Hanna had heard all the horror stories about cafeteria lunches ― mystery meats and grease-soaked fries, chicken that never truly tasted like chicken. But she knew that her high school situation was far from the norm. The food in the Academy's dining halls was real gourmet, award-winning stuff. Each time Hanna swiped her meal card, she imagined her mother's money swirling down a metaphorical drain. She often rationed herself, counting calories in her head as she decided between a turkey or ham sandwich, and whether or not to spring for that bowl of pudding.

Hanna decided on the turkey sandwich and said no to the pudding, throwing together a fruit salad instead. She surveyed the dining hall for a glimpse of that dark hair, those hunched shoulders from earlier.

Then she saw him, sitting in a both in the farthest corner of the room. Lucas Gottesman, shoveling vegetables into his mouth as though lettuce and tomatoes where the only things keeping him alive.
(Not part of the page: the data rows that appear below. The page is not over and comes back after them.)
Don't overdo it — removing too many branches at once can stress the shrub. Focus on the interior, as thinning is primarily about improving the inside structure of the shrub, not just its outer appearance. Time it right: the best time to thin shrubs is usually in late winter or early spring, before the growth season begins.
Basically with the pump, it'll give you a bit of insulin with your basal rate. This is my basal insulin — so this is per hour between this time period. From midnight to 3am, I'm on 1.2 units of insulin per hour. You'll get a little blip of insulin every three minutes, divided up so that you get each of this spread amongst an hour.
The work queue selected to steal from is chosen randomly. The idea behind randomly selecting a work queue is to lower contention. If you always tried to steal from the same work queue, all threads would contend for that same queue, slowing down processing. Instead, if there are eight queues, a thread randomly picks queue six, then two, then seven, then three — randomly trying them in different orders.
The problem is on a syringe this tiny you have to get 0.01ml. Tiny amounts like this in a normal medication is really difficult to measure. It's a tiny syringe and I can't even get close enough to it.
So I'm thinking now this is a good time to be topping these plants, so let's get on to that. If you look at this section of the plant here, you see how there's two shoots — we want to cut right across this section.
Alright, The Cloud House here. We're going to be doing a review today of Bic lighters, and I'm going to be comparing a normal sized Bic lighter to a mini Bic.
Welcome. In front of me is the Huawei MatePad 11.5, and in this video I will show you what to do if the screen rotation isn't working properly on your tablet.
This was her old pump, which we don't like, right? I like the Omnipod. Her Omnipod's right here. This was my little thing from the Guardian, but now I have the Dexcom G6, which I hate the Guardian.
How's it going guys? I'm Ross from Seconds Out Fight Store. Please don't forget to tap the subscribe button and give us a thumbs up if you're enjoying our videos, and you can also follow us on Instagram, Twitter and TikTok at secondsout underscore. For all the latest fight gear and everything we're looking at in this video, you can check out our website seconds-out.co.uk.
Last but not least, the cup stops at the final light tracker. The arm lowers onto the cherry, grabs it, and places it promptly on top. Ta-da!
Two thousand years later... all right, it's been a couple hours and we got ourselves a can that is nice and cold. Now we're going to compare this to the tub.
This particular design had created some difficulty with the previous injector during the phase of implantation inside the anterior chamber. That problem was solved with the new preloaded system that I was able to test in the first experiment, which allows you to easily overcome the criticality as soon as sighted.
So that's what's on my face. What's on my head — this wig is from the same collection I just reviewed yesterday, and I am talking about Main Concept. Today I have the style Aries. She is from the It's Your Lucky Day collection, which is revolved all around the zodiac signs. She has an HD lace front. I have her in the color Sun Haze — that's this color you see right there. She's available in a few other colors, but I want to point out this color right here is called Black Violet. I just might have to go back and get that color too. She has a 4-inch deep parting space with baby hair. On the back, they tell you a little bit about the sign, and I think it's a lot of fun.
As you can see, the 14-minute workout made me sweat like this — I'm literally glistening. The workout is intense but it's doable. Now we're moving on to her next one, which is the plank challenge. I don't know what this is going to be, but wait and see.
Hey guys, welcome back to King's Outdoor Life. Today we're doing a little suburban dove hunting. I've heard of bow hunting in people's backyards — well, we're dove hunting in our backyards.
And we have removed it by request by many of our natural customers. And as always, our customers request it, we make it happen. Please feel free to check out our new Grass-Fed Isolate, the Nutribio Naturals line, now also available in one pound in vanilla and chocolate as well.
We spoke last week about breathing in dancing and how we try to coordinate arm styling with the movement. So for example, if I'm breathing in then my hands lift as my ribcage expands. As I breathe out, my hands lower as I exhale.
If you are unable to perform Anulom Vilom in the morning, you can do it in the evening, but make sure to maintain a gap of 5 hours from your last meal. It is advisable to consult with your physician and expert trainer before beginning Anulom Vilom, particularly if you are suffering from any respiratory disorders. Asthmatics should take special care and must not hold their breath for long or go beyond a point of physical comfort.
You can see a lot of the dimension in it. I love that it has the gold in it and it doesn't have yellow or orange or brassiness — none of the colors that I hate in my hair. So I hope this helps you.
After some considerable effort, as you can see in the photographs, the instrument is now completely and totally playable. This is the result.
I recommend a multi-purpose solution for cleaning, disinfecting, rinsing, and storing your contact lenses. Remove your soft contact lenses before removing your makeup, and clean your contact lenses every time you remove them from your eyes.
Hanna took a deep breath and crossed the dining hall to sit with him.

"Lucas?"

He looked up slowly, meeting her eyes. He swallowed a mouthful of salad. "Yes?"

"I have a few questions for you and you're not going to like them."

Lucas sighed, taking a sip of cranberry juice. "It's funny how every conversation I've had today has started out more or less the same way."

"Sorry."

"Go ahead." He shrugged. "You can ask me whatever you want to know. I didn't set the stupid treehouse on fire."

"Any idea who might have?"

"No clue."

"So why are the police so sure that you did?"

Lucas smirked. "If I didn't know any better, I'd say you were an undercover cop. A pretty one, but a cop nonetheless."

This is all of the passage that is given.